People say that there are only two certainties in life: death and taxes. I can add one more: All fish love structure. From the shallow rocks and wrecks off the west coast of Florida to the deep rigs of the western Gulf of Mexico — a variety of snapper and grouper call structure home.
Locating structure is as simple as looking at a chart or purchasing a book of numbers that gives the latitude and longitude for reefs, wrecks, and rocks that litter the Gulf. Even easier, pull out your binoculars, and scan the horizon for the rigs and platforms created by the petroleum industry, all of which are fish magnets for various species of snapper and, in the case of deeper rigs, grouper too.
By Popular Demand
It is a safe bet to say that the red snapper is one of the most sought-after species in the Gulf. In most cases, they are the easiest to locate and catch. Over the years, I have witnessed red snapper taken from shrimp-boat wrecks within yards of the Texas beachfront in less than 10 feet of water, all the way out to rigs in 70 fathoms.

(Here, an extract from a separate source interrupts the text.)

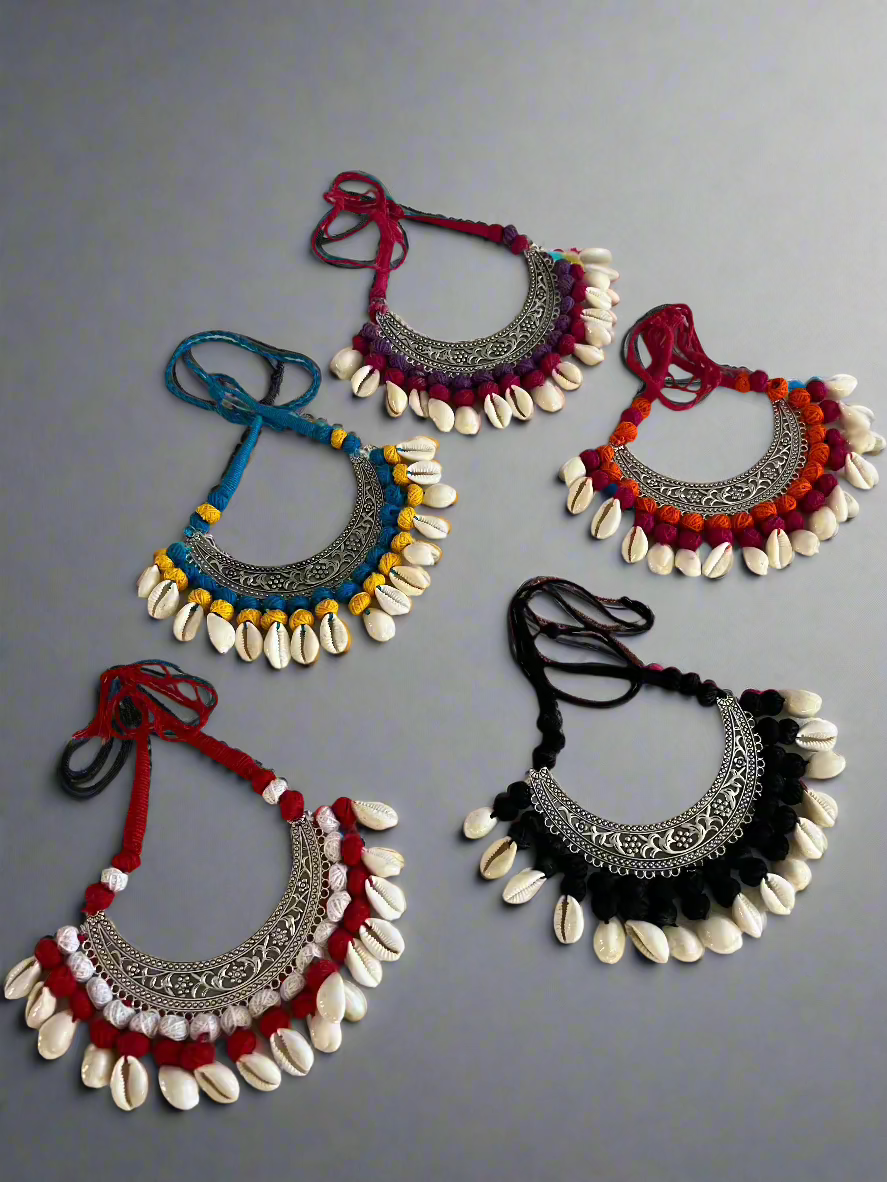 Thread Hasli Choker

The fact is, if there is structure, there is a good chance there are a few red snapper around.
Go Deep for Variety
Other species of snapper — such as lane and vermilion — are often found with red snapper, but none is easier to find than gray snapper, often referred as mangrove snapper. Abundant on the west coast of Florida around the roots of red mangroves and inland docks, this shallow-water snapper has started appearing in greater numbers in the northern and western Gulf, especially around rigs and wrecks.

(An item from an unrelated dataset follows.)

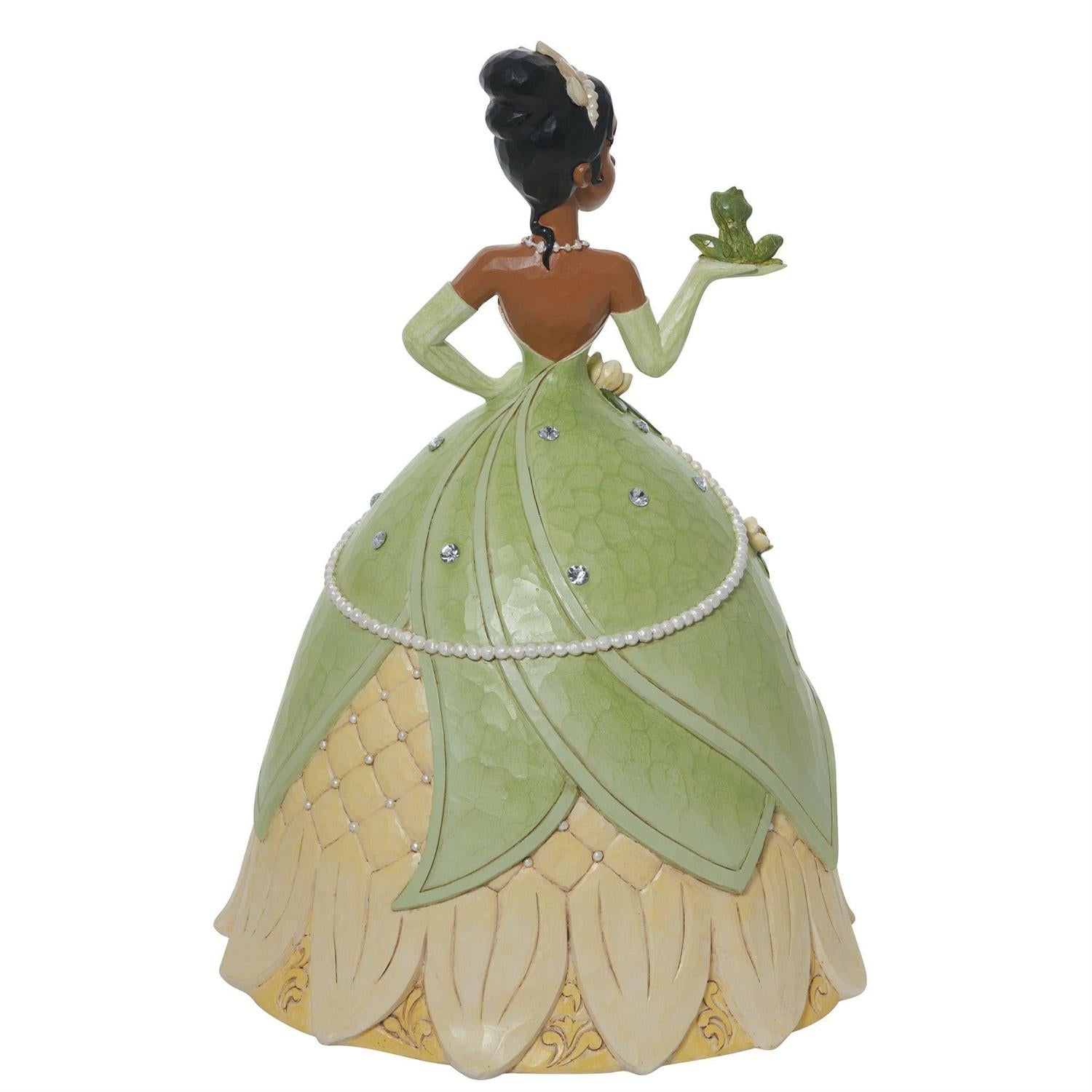 Just One Kiss - Tiana - The Princess and the Frog Deluxe 15" Tall | CountryNMoreGifts.com Country N More Gifts Just One Kiss - Tiana - The Princess and the Frog Deluxe 15" Tall | CountryNMoreGifts.com Country N More Gifts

As for grouper, most stick to deeper water, especially in the western Gulf, where serious grouper fishermen won’t even come off-plane until they reach 30 fathoms. The exception: gag and goliath groupers, which can be caught inshore near channels and jetties, especially in southwest Florida and extreme southern Texas. As a rule though, anglers targeting grouper in the Gulf encounter the more-common gag, scamp and Warsaw grouper, and other species, such as yellowedge, snowy, strawberry and black grouper, in deeper water.